§ **Task brief**: Using only the entries below, output the lines starting at the one containing "New 2025 Jeep" and ending at the one containing "201112 sezonā algu", exactly and inclusive of both, omitting the pictures.

§ **Available data**:
§ §
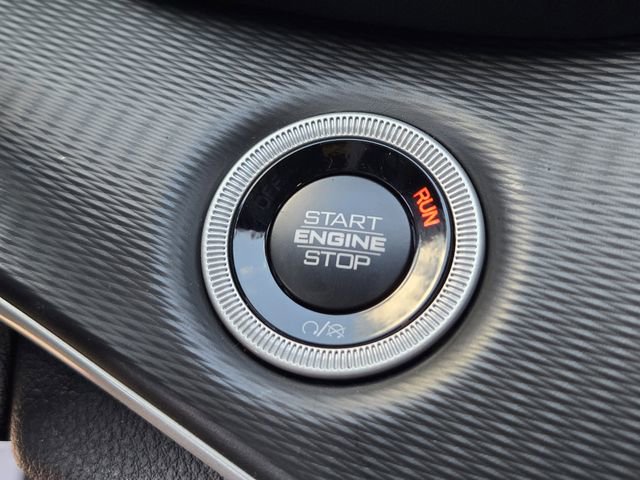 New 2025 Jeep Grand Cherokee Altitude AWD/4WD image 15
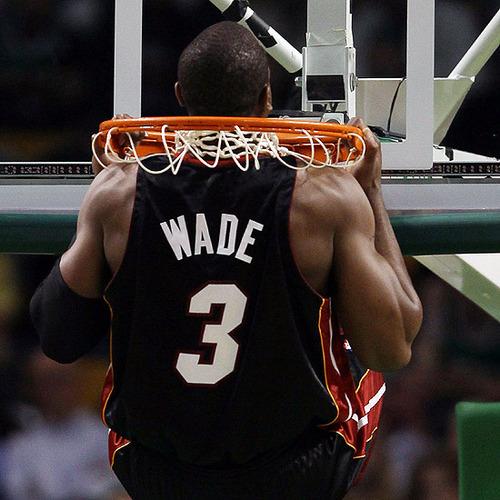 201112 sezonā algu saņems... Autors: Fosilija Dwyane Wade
§ §
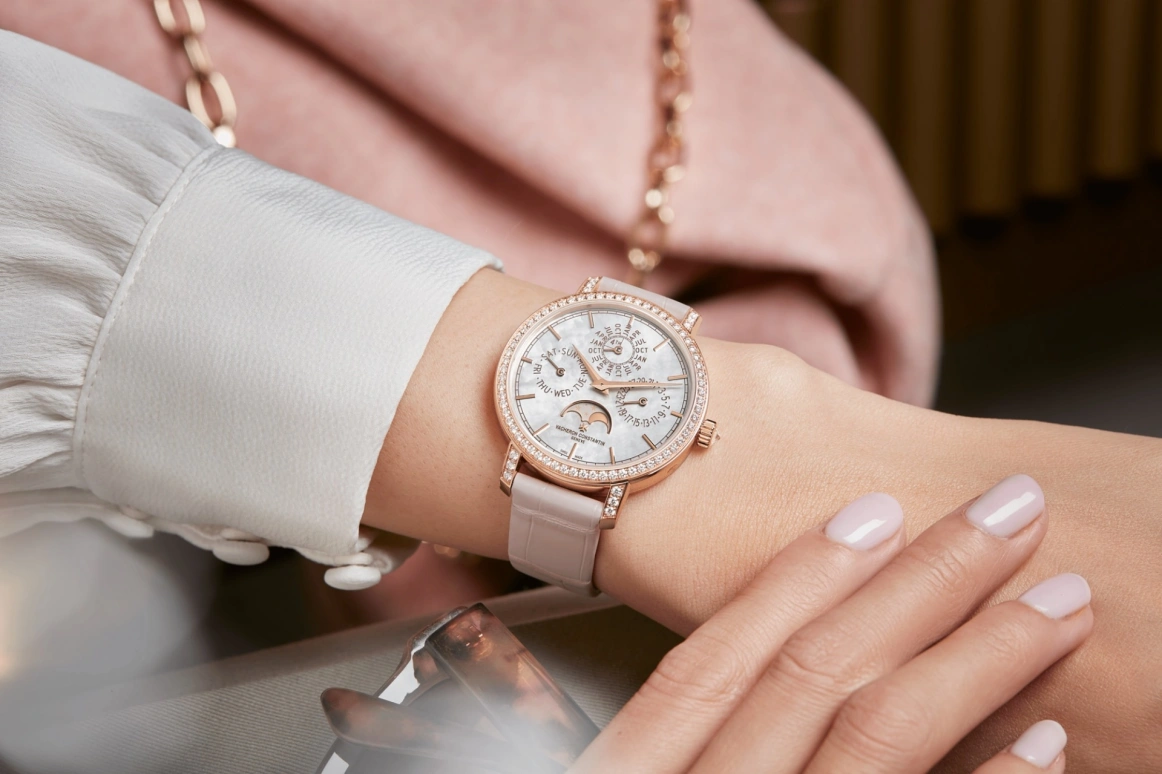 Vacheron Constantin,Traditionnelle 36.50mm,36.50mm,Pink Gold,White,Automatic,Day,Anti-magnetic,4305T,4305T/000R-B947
§ §
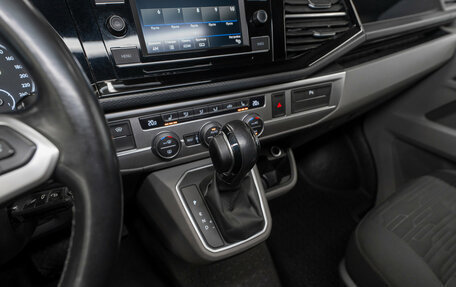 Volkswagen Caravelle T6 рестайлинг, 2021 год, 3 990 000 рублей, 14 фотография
§ §
§ **Output for this exercise**:
 New 2025 Jeep Grand Cherokee Altitude AWD/4WD image 15
 201112 sezonā algu saņems... Autors: Fosilija Dwyane Wade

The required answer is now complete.